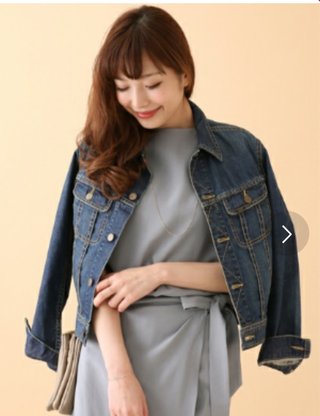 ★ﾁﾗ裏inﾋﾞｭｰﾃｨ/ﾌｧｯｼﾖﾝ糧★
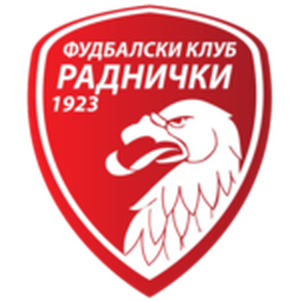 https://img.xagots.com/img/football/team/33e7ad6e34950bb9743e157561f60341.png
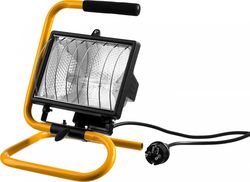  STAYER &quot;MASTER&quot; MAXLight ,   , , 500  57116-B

......

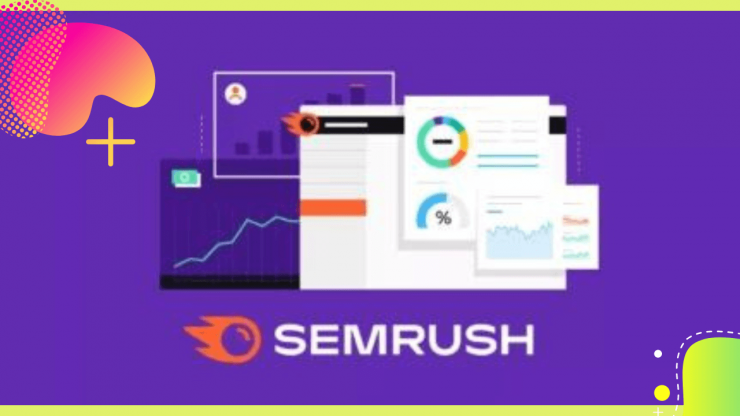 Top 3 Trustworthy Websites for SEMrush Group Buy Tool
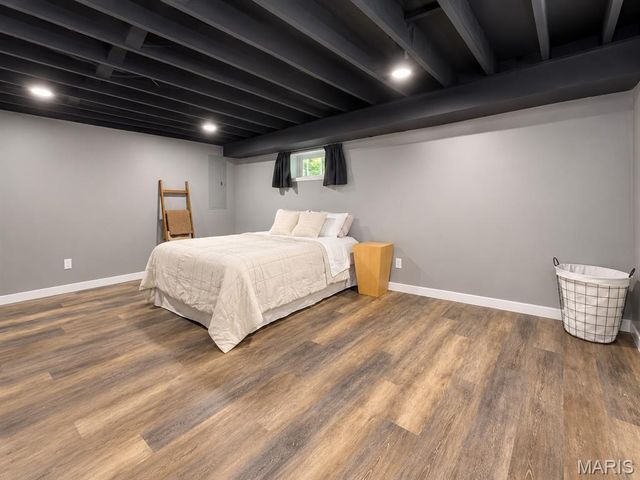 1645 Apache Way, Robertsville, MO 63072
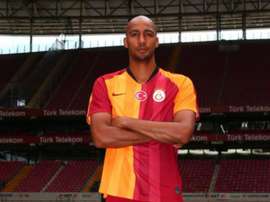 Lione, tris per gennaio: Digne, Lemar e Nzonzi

......

EXERCISE: Give the lines above again exactly, from the one containing "1645 Apache Way, Robertsville, MO 63072" to the one containing "Lione, tris per", both included, but leave out the pictures.

RESPONSE FOR THIS EXERCISE:
 1645 Apache Way, Robertsville, MO 63072
 Lione, tris per gennaio: Digne, Lemar e Nzonzi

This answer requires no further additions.